What I like about Whitney and John's writing is that it describes value investing in practical ways you don't often see anywhere else. You tend to think of undervalued stocks simply as those whose prices have been beaten into the earth, for reasons good or bad. Whitney and John are adept at discerning how a stock, beaten to earth or not, could be worth far more than it currently fetches (now that is a good definition of an undervalued stock). Read how they describe the possibilities of Target and Borders Group for two examples of this approach.

Up to old tricks

Here at the magazine, I've been concerned lately about my column -- that it has lost its edge, that you as readers aren't paying it as much attention as you used to. So in our May issue, to test whether you're nodding off while reading "From the Editor," I cleverly inserted an obviously inaccurate statement. Speaking of a looming shortage of oil, I wrote: "Within a couple of years, demand would fall far short of supply. Bidding wars would be horrific." The two sentences are plainly contradictory. It should have read that supply would fall far short of demand. Would anyone notice?
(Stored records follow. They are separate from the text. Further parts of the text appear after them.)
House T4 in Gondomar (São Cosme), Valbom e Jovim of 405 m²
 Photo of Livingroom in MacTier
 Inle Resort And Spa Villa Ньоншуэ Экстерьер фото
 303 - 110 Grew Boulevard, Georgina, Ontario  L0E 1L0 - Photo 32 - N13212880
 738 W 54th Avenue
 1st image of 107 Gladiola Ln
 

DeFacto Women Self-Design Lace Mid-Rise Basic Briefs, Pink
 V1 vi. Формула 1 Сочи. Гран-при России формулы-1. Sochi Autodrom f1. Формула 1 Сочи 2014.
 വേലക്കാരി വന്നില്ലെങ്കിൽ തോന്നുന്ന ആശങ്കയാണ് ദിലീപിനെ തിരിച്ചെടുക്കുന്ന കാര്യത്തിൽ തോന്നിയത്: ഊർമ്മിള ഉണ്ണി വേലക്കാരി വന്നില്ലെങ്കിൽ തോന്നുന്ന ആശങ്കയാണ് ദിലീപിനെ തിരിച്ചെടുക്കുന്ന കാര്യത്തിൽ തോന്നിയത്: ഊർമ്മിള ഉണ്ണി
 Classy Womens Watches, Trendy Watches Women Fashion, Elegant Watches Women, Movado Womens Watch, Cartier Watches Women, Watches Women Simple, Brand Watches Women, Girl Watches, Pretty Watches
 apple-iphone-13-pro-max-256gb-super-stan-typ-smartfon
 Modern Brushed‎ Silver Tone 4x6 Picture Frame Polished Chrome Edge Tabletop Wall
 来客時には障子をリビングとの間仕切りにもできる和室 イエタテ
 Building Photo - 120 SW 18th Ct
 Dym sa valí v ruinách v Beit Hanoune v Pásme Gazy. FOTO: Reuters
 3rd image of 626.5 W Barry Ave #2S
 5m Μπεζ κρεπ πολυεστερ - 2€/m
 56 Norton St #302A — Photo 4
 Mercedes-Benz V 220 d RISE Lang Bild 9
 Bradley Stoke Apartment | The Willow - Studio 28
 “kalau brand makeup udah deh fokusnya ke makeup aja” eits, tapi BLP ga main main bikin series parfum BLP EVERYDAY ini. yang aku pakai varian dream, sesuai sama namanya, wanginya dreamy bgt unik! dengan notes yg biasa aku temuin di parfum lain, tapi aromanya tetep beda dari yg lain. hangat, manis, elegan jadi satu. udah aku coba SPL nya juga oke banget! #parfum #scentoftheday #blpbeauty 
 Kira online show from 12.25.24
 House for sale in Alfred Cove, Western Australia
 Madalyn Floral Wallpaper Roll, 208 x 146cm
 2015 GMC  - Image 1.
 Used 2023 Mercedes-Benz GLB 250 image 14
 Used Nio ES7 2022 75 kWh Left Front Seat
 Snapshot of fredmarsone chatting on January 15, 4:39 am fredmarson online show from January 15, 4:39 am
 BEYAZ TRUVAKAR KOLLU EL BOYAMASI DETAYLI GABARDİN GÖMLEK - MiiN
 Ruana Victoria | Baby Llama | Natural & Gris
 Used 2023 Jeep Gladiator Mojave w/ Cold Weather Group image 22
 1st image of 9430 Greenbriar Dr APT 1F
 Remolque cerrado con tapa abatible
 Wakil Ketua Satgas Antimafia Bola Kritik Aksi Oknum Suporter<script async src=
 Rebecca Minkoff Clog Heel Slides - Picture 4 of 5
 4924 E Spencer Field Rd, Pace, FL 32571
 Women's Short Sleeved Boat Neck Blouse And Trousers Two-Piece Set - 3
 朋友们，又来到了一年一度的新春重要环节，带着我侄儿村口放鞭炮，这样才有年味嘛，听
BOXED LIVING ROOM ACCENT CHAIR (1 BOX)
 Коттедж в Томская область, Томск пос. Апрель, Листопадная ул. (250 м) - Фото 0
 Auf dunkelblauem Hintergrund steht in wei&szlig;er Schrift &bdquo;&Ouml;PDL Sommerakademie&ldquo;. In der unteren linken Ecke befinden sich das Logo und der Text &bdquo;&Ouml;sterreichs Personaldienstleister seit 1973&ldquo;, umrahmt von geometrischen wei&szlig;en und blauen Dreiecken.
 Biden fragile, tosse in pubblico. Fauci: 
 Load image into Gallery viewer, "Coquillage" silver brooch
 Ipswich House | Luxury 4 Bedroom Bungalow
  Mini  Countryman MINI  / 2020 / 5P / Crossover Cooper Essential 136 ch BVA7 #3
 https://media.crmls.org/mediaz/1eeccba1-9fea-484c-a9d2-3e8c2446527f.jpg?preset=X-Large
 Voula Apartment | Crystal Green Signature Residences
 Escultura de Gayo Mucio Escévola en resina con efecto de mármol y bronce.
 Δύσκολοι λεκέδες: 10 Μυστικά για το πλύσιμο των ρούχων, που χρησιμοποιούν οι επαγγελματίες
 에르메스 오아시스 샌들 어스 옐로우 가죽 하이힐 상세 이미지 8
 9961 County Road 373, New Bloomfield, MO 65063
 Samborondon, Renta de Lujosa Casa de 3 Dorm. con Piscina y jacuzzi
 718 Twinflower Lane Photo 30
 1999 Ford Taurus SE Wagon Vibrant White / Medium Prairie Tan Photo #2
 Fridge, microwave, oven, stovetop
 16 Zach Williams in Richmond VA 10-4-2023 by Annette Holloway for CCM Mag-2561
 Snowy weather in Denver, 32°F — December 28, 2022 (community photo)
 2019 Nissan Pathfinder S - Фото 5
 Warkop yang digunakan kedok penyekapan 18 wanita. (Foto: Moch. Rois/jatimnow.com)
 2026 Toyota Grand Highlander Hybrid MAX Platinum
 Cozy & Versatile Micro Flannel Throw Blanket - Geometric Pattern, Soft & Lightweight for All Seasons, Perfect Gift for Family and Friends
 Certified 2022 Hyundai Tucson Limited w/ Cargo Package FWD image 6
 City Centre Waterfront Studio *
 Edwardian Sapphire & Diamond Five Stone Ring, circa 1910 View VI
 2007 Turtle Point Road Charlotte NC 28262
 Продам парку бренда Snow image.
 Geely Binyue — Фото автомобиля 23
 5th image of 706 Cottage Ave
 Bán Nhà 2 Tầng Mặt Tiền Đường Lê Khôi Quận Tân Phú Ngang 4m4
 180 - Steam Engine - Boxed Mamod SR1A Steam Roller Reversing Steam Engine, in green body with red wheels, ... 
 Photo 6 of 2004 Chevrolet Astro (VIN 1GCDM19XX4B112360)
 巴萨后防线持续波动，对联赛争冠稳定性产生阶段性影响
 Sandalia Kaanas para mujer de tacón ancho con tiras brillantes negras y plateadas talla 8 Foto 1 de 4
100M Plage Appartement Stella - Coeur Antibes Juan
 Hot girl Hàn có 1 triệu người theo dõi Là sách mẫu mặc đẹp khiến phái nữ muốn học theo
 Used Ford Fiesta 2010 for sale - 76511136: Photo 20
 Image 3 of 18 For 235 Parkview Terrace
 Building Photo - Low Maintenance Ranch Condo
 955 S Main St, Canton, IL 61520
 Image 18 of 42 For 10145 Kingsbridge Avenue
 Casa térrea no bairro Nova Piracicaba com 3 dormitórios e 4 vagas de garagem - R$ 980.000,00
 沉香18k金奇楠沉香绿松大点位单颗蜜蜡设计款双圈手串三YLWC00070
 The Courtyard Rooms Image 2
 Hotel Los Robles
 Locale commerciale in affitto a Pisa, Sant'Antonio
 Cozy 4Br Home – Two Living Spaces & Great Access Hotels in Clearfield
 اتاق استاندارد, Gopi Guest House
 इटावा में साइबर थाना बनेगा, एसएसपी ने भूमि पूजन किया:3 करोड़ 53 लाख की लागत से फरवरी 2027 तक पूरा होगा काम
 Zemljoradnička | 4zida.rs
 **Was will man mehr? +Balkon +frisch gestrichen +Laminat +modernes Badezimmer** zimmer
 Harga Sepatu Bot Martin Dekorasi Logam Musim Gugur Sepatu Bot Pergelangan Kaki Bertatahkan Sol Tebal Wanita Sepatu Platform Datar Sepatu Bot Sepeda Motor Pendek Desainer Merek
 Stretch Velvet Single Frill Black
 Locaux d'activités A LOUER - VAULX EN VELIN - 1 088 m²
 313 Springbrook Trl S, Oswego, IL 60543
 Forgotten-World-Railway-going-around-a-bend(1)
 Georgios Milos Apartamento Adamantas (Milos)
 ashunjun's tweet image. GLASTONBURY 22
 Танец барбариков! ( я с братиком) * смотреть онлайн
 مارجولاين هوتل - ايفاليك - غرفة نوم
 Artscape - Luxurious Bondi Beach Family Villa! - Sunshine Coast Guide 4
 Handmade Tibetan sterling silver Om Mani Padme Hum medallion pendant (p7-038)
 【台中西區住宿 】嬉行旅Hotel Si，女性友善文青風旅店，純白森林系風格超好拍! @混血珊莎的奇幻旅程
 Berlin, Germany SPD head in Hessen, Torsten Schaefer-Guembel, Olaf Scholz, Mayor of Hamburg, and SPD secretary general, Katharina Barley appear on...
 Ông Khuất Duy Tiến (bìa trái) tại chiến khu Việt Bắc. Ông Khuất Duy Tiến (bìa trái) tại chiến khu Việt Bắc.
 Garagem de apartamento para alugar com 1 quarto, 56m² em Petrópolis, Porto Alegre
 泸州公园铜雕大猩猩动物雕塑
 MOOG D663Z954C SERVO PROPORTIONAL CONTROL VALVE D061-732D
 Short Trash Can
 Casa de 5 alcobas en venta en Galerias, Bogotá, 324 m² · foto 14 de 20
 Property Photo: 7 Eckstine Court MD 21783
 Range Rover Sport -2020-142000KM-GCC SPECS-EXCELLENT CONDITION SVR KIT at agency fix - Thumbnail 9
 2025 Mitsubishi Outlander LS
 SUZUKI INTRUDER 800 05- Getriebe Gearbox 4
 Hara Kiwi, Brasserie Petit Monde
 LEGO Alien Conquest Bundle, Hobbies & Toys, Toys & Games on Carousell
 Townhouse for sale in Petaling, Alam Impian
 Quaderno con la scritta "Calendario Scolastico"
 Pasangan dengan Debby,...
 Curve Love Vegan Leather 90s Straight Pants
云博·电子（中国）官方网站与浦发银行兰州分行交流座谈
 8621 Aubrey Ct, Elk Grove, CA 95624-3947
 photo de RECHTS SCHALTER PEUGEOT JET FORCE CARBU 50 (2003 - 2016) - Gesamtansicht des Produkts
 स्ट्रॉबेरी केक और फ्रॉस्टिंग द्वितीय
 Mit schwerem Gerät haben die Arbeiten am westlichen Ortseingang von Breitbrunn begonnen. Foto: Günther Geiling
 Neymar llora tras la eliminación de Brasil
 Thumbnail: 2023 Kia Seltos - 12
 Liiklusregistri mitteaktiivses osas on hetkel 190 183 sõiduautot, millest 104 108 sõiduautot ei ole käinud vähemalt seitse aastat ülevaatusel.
If you read that column and recall being stopped in your tracks by those sentences, congratulations -- you are perceptive. If you wrote me to say gotcha, you are both perceptive and action-oriented. And if you were among the first five to holler gotcha, you plainly exhibit leadership qualities and deserve a reward. I'm sending handsome T-shirts with the Kiplinger logo on the front and "Born Leader" on the back to Jack Alleman, Peter Kent, Krishna Mohan, Todd Pinkerton and a guy named Kiplinger. And thanks to all the rest of you who noticed and passed my little test.